Oleh karenanya Hakim diberikan kewenangan untuk menerapkan BW dalam perkara kasus tersebut berdasarkan ketentuan Pasal 131 Indische Staatsregeling, di mana kaidah hukum di dalam BW masih memberikan kesempatan kepada anak perempuan untuk memperoleh bagian waris.

Berdasarkan uraian di atas, dapat dipahami bahwa meski pada prinsipnya BW tidak berlaku bagi warga Indonesia golongan pribumi, namun dalam sejumlah keadaan, dengan memperhatikan cita hukum serta politik hukum negara Indonesia, maka norma-norma dalam BW dapat diterapkan.

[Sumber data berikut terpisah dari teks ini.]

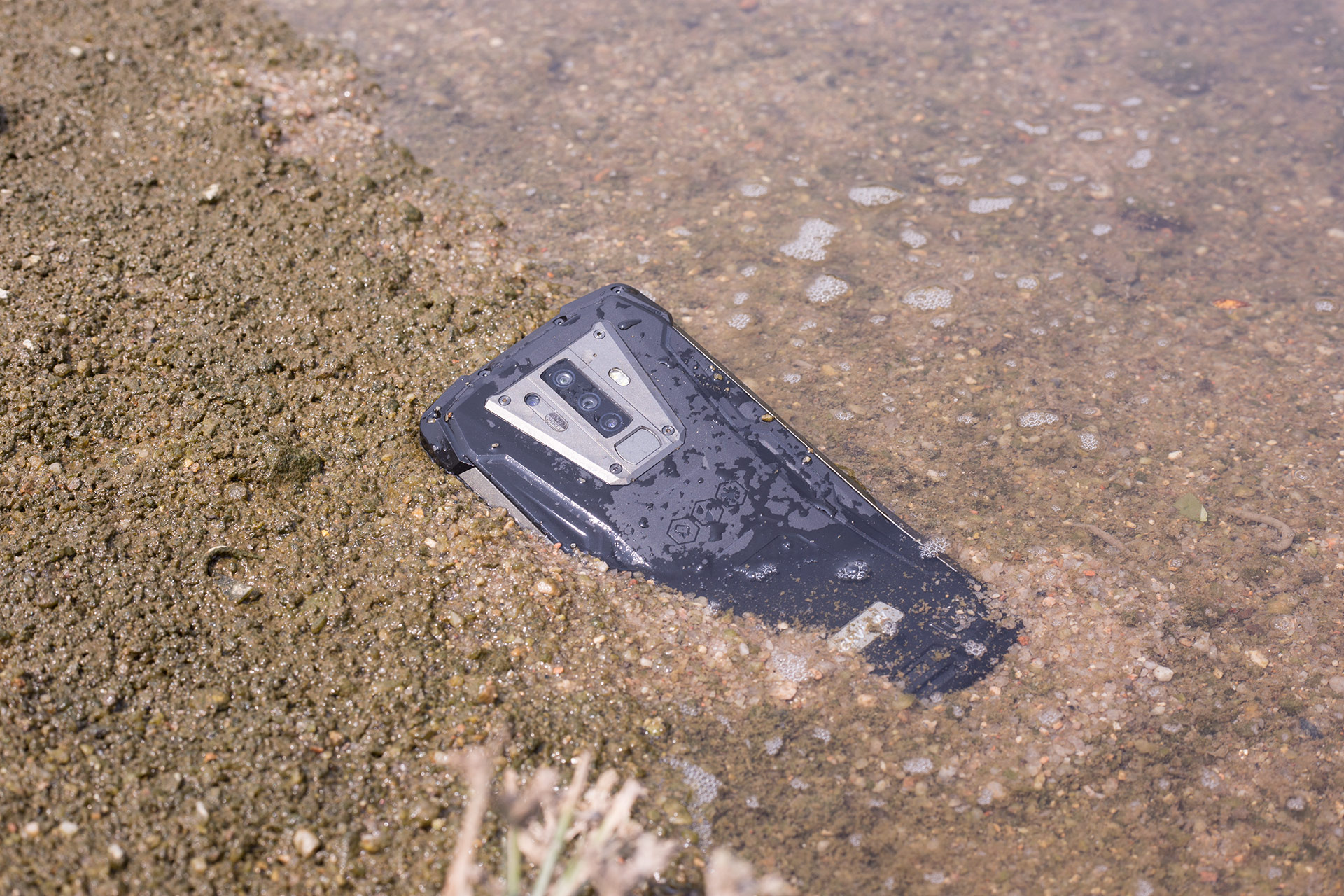 If you left your phone by the beach🌊 for a day like the one in the picture👇, is there a slim possibility it survives tomorrow morning when you come back to pick it up? 🤣🤣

Bahkan seringkali di beberapa daerah dan kasus yang Penulis jumpai, kaidah hukum dalam BW dapat lebih memberikan aspek perlindungan dan kepastian hukum bagi masyarakat, serta sudah menjadi kesadaran hukum bagi masyarakat yang bersangkutan bahwa memang demikianlah hukumnya.

Namun, penerapan BW ini tetap harus memperhatikan kebutuhan dan kesadaran dari masyarakat hukum yang bersangkutan, dikaitkan pula dengan penggolongan penduduk. Sehingga kaidah yang dimuat dalam BW tidak diterapkan secara serampangan, terlebih hingga dianggap sebagai norma hukum yang berlaku begitu saja bagi masyarakat Indonesia tanpa mengingat adanya keadaan-keadaan yang perlu diperhatikan.

*)Petra Kusuma Aji dan Akmal Adicahya, keduanya adalah hakim di Pengadilan Negeri Lembata dan Pengadilan Agama Lewoleba.

Artikel kolom ini adalah tulisan pribadi Penulis, isinya tidak mewakili pandangan Redaksi Hukumonline.